Brava, and thank you.
While I respect any effort to elevate the contributions of female painters in Early Modern England, I feel obliged to point out that many of the contentions in this undocumented piece have been challenged in recent scholarship to the point where they no longer stand. Not the least of such works has been Elizabeth Goldring’s brilliant 2019 biography of Nicholas Hilliard, which explodes for all time the putative connection between Levina Teerlinc and Hilliard. Other works, by, e.g., Katherine Coombs, Graham Reynolds, and myself have further, and I had hoped, definitively, undermined the claims for Teerlinc’s putative oeuvre. It is vital to understand the role of women painters in this and other periods of history, but such an appreciation must surely rest on more secure scholarly footing than we have here.
Robert Tittler, PhD, FRSC, FSA, FRhistS
‘Distinguished Professor of History Emeritus’
Concordia University
Montreal, Qc.
Canada
Dr. Tittler,
I appreciate your comments and agree with of many your points—especially that Elizabeth Golding’s book, which sits here on my lap, is brilliant—as is your Early Modern British Painters Data Base c. 1500-1640. Thank you for this indispensable resource!
But back to Golding, my head nodded last month when got to p. 77, “The reality is that there will probably always be substantial gaps in our knowledge of Teerlinc and others active in producing miniatures in London in the 1560s.” (btw, I did write in my article, “We don’t know whether Teerlinc ever met Hilliard, let alone worked with him.”)
Katherine Coombs, whom you mention, ironically was one of the experts who helped and encouraged me when I met her ten years ago at the Victoria & Albert. Derek Adlam was another, at the time curator at the Portland Collection.
Other curators and experts … well, not so much. To the extent that I set aside this Teerlinc research aside for ten years as it was impossible to definitely ascribe any painting as by her hand. Then—drum roll—I realized, attributing paintings doesn’t have to be set in cement. I did write, “So how can we confidently attribute any painting, let alone these, to Teerlinc? Until we find more documentary sources that leave no doubt, we cannot.”

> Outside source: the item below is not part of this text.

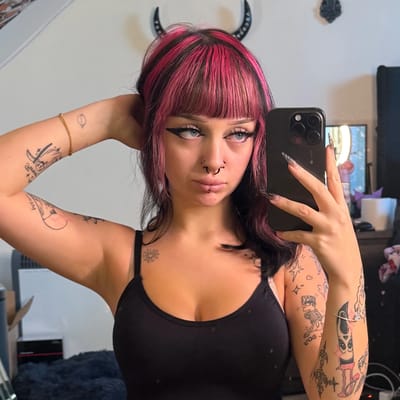 𝕷𝖚𝖈𝖞 𓆩🖤𓆪   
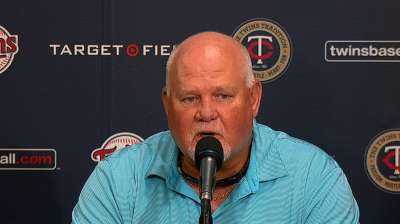 Gardenhire gets two-year deal to stay with Twins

Does that mean abandon ship? No, it means change course. What I set out to do, and succeeded in that you responded, is to encourage dialogue among experts and scholars—to keep looking together, reading, assessing, and especially sharing knowledge with across disciplines and oceans.
~ Louisa Woodville
Well, there’s always hope of new discoveries! Keep plugging, and good luck!